RAW DATA: Begin

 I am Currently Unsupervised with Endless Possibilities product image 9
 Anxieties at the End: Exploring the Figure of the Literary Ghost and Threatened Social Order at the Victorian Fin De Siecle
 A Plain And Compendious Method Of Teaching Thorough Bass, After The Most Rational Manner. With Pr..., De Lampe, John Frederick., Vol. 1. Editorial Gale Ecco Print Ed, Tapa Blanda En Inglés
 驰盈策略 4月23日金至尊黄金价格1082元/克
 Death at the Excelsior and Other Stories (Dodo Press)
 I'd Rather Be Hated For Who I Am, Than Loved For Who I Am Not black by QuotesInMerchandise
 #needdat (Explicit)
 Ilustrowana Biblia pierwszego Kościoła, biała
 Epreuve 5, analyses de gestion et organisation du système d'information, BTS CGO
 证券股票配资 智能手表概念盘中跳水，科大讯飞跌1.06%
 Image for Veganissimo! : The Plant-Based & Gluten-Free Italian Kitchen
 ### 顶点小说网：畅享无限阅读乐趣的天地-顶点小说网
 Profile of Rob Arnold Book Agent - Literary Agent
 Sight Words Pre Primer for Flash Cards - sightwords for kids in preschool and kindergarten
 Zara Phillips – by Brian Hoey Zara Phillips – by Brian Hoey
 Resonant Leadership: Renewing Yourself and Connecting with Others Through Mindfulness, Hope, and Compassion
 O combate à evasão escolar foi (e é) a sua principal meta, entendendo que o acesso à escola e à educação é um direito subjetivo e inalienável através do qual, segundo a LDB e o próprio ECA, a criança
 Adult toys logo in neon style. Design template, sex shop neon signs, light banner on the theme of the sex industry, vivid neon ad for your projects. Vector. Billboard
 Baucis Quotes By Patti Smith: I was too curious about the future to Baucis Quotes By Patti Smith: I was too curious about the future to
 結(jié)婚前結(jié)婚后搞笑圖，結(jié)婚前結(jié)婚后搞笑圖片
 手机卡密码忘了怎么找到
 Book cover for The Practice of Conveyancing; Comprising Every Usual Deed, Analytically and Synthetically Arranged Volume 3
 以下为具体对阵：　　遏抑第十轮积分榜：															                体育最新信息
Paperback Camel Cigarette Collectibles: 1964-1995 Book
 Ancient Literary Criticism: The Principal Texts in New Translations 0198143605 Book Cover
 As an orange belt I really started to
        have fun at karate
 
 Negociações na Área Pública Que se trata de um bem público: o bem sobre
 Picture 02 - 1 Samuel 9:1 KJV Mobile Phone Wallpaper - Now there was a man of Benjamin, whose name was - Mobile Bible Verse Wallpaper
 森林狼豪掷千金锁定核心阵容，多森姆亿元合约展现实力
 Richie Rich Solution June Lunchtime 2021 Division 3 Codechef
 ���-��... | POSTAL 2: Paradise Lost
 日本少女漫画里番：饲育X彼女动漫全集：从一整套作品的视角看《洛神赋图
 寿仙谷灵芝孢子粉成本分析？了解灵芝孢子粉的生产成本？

RAW DATA: End

Your task is to transcribe exactly the lines from the one with "Book cover for" through the end of the data, both included, and nothing besides.

ANSWER FOR THE TASK:
 Book cover for The Practice of Conveyancing; Comprising Every Usual Deed, Analytically and Synthetically Arranged Volume 3
 以下为具体对阵：　　遏抑第十轮积分榜：															                体育最新信息
Paperback Camel Cigarette Collectibles: 1964-1995 Book
 Ancient Literary Criticism: The Principal Texts in New Translations 0198143605 Book Cover
 As an orange belt I really started to
        have fun at karate
 
 Negociações na Área Pública Que se trata de um bem público: o bem sobre
 Picture 02 - 1 Samuel 9:1 KJV Mobile Phone Wallpaper - Now there was a man of Benjamin, whose name was - Mobile Bible Verse Wallpaper
 森林狼豪掷千金锁定核心阵容，多森姆亿元合约展现实力
 Richie Rich Solution June Lunchtime 2021 Division 3 Codechef
 ���-��... | POSTAL 2: Paradise Lost
 日本少女漫画里番：饲育X彼女动漫全集：从一整套作品的视角看《洛神赋图
 寿仙谷灵芝孢子粉成本分析？了解灵芝孢子粉的生产成本？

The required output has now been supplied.